Le motif dans le tapis

Trois fils sont tissés dans le court récit autobiographique d’Arielle Meyer MacLeod: pour parler de la fin d’un amour, l’auteure convoque un article jamais terminé sur La Maison du Chat-qui-pelote, nouvelle qui inaugure La Comédie humaine de Balzac, et une subtile réflexion sur l’écriture de soi. C’est que l’enseignante et dramaturge genevoise sait qu’il est vain de vouloir écrire la vie telle qu’elle a été: «L’inscrire dans une forme, n’est-ce pas déjà la transfigurer, l’inventer même?» Puisque tout récit est forcément lacunaire, guidé par une mémoire défaillante «qui raconte finalement plus le présent que le passé», puisque l’humeur du moment et la suite des événements influencent aussi le regard qu’on porte sur lui, puisqu’il s’agit, enfin, de choisir quels faits retenir et comment les dire, c’est au fond sa propre identité, hétérogène et fragmentée, qui se construit et se reconstruit perpétuellement par l’écriture. Celle-ci est un travail de montage mais aussi une «activité herméneutique, celle des rabbins, des lecteurs, des spectateurs, des psychanalystes, et celle de chaque vie». Raconter sa vie permet d’en faire surgir le sens.

Dans Tourner la page (avec Balzac), le langage de la pensée alterne ainsi avec celui du cœur blessé et aide à surmonter la perte. Arielle Meyer MacLeod raconte sa rencontre avec P, plus jeune qu’elle déjà deux fois mère et qui ne souhaite pas s’engager. Il est chanteur lyrique, souvent en tournée, il lui fait longtemps la cour et ils commencent leur histoire d’amour un jour de février, à Paris. Elle évoque leur mariage, leur enfant, leurs voyages, la façon qu’elle a de se tenir toujours un peu à distance pour «ne pas être dupe», ne pas tomber tout à fait dans la «déraison de l’amour». «J’avais été flottante dans mes sentiments. Pendant dix ans, il a été le garant de notre lien.» Un jour, il la quitte. Abandon intolérable, deuil impossible qui la laisse incapable de tourner la page et fait remonter l’écho de pertes plus anciennes.

La Maison du Chat-qui-pelote offre un miroir, une mise en abyme où trouver sens et consolation, le texte de Balzac finissant par se mêler aux lignes d’Arielle Meyer MacLeod. Dans cette histoire, un jeune peintre est fasciné par la maison en question, qui ressemble déjà à un tableau, et par Augustine aperçue à la fenêtre. Il tombe amoureux de cette madone égarée dans une toile réaliste, lui vole son image en la peignant à son insu, l’épouse, mais finira par l’abandonner et déchirer son portrait. Augustine en mourra, «dépossédée de son image», «victime d’une tragédie de la représentation».

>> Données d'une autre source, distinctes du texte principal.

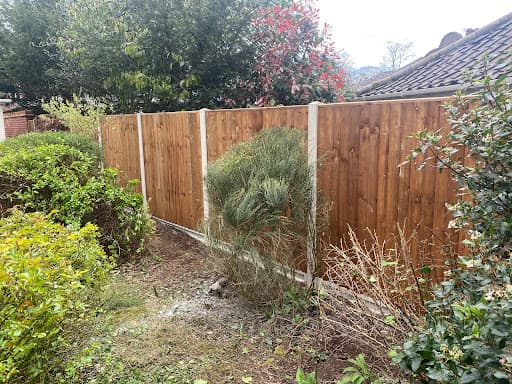 Plough Gardening Services — Customer photo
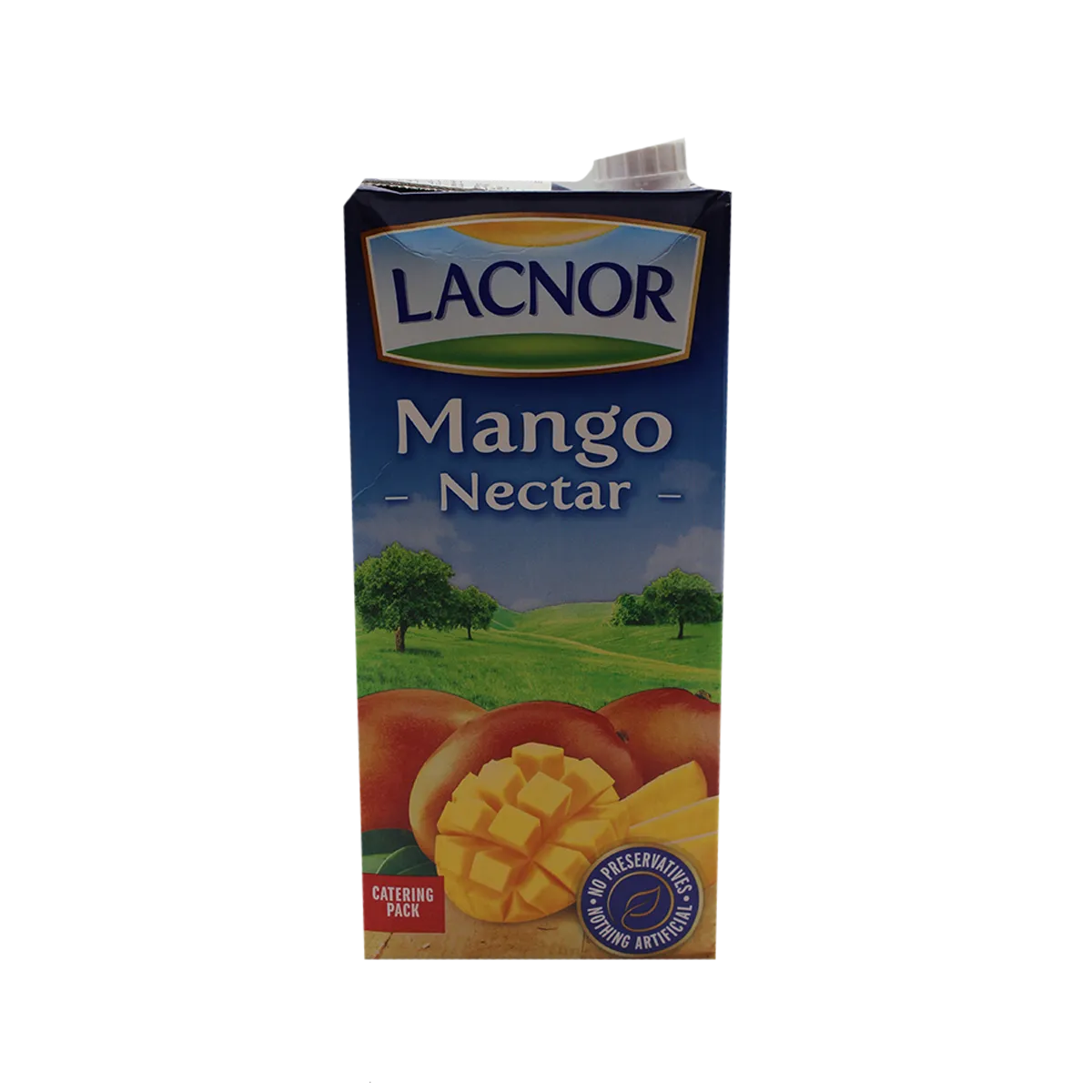 Lacnor Mango Juice 1 Liter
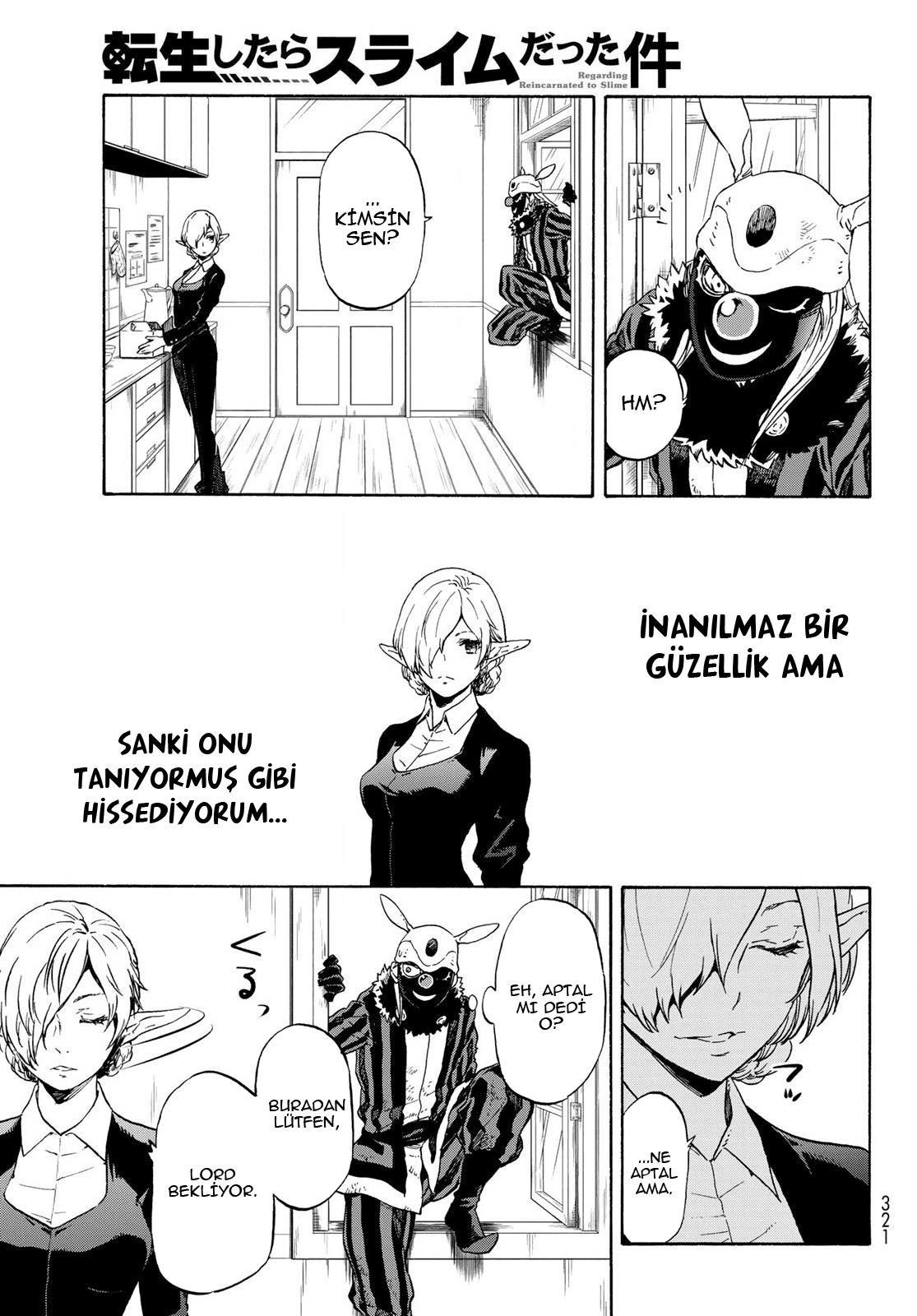 Tensei Shitara Slime Datta Ken Bölüm 73 - Sayfa 6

L’analyse littéraire et la réflexion sur l’autofiction (qui convoque en passant Paul Ricoeur, Annie Ernaux, Camille Laurens ou Philip Roth) permettent à Arielle Meyer MacLeod de développer un questionnement sur la représentation et l’interprétation – artistique, bien sûr, mais aussi amoureuse, et de soi-même. Car si «une vie est un récit», elle est aussi, comme un livre, une «œuvre ouverte que l’on remet sans cesse sur le métier, pour la tisser et faire apparaître la figure dans le tapis, figure mouvante et toujours insaisissable». Et c’est bien grâce à l’écriture que ce «motif dans le tapis» de la vie – titre de la fameuse nouvelle d’Henry James – se précise peu à peu, qu’une image se dessine dans la trame de ce récit à la fois sensible et érudit, tenu et sincère.

 

 ARIELLE MEYER MACLEOD, TOURNER LA PAGE (AVEC BALZAC), ED. ZOE, 2014, 107 PP.